Corporate leaders and policy architects gathered on Friday, June 11, 2026 for the second annual East Africa Environmental, Social, and Governance (ESG) Summit, hosted by Capital One Group (COG). The high-level virtual assembly, which brought together regional board members, chief financial officers, operations directors, and public relations strategists, comes at a critical juncture as East African markets edge closer to sweeping structural and regulatory changes regarding corporate sustainability.

Held under the theme “ESG as the Capital of Sustainability: From Commitment to Delivery”, the high-level virtual event comes at a defining moment for the domestic market, following confirmation that the Bank of Uganda will institute mandatory ESG reporting guidelines for all financial institutions starting January 2027. This incoming framework transforms sustainability from a voluntary corporate social responsibility exercise into a strict operational and legal imperative.
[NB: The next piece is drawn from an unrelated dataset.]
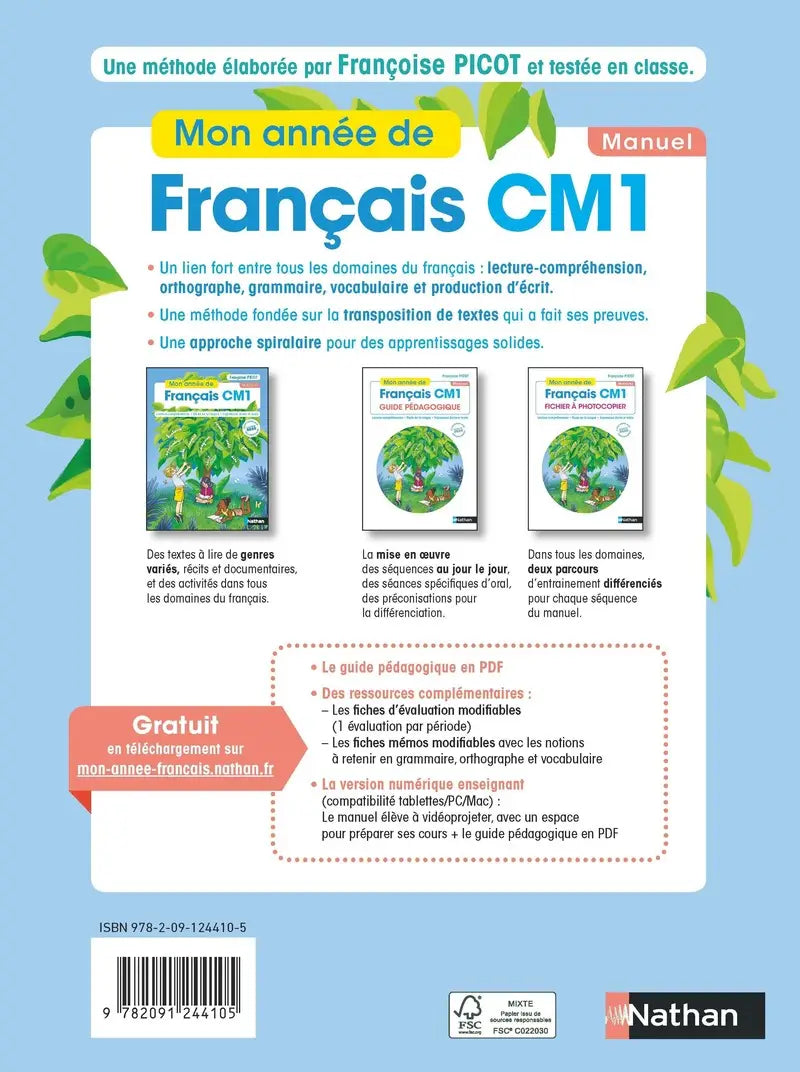 Nathan - Mon Année de Français CM1 - Manuel Scolaire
The 2027 banking mandate will require financial institutions to look far beyond traditional financial reporting, forcing them to actively integrate climate risk, social equity, and corporate governance into their core decision-making frameworks. Because commercial lenders serve as the absolute gatekeepers of economic capital, this structural shift will generate immediate, unavoidable ripple effects across the entire corporate supply chain.
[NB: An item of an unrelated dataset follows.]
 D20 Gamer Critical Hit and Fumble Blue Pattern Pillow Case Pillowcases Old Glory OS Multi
Local enterprises ranging from major agricultural exporters and manufacturers to small and medium enterprises (SMEs) will face heightened credit compliance requirements, risk-pricing penalties, or outright exclusion if they lack verifiable sustainability data.
This regulatory shift mirrors a sweeping continental momentum toward formalized corporate accountability. Across Africa, nations are enforcing strict frameworks: South Africa, Zimbabwe, Egypt, and Tunisia already mandate sustainability disclosures for listed and public entities, while Ghana and Nigeria have adopted International Sustainability Standards Board (ISSB) standards, with Nigeria targeting large enterprises by 2028. Evolving even faster, East Africa is leading by example; Tanzania implemented mandatory climate-related disclosures in 2025, and Kenya commenced its first mandatory ESG reporting cycle for Public Interest Entities in January 2026.
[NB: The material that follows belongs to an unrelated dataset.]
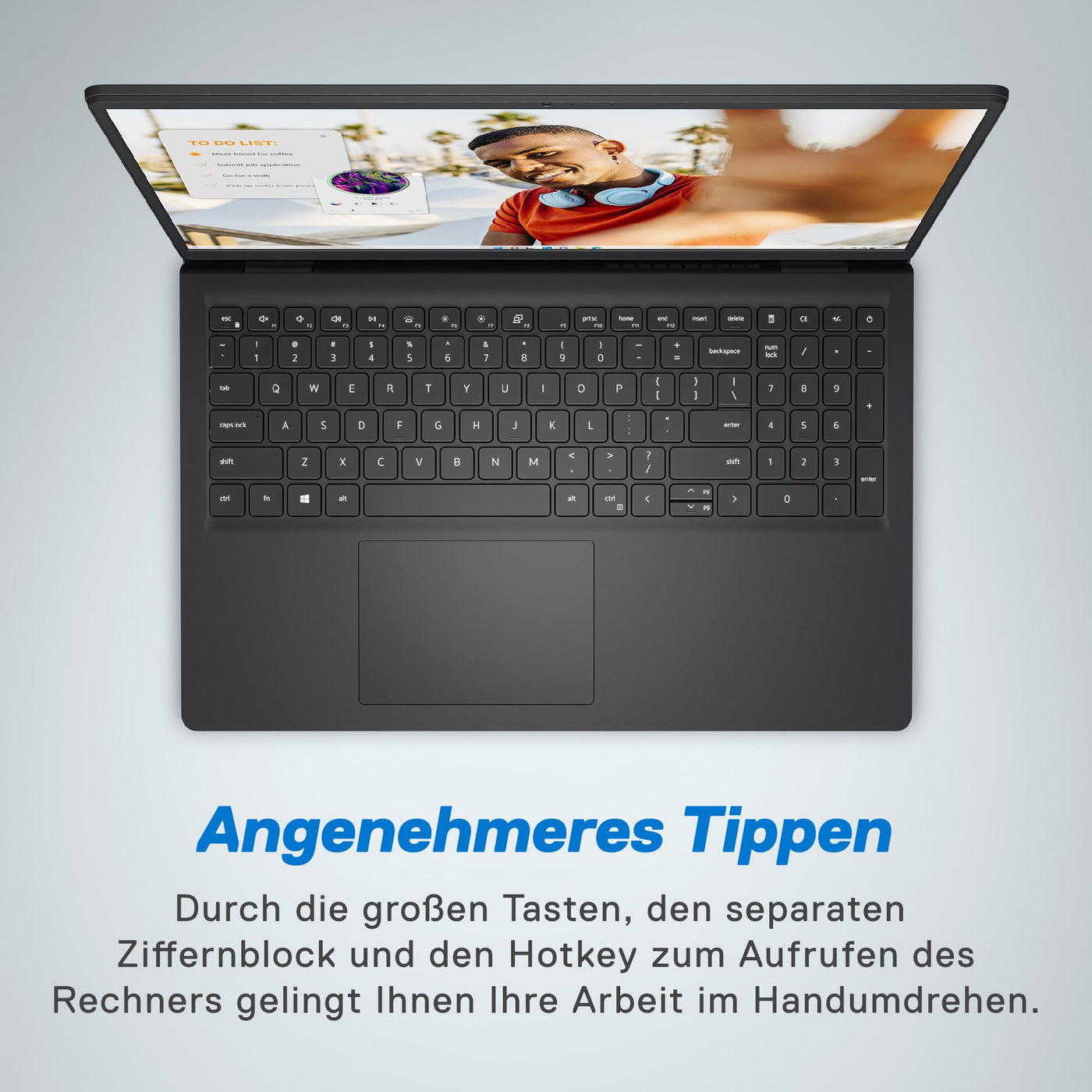 Dell Inspiron 15 3535 Laptop 15.6 Inch FHD 120Hz, AMD Ryzen 5 7520U, 8GB RAM LPDDR5, 512GB SSD, AMD Radeon Graphics, Intel Wi-Fi 6, Windows 11 Home, German QWERTY Black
“With mandatory reporting for Public Interest Entities starting in 2027, companies cannot afford to wait,” Manager, Standards and technical Services at Institute of Certified Public Accountants of Kenya (ICPAK), Elvis Moenga says. The joint advisory by ICPAK and the Nairobi Securities Exchange (NSE) requires listed entities to undergo a rigorous Sustainability Reporting Readiness Assessment. This involves aggressively mapping out current data availability, internal governance controls, and resource gaps against the four core pillars of Governance, Strategy, Risk Management, and Metrics.”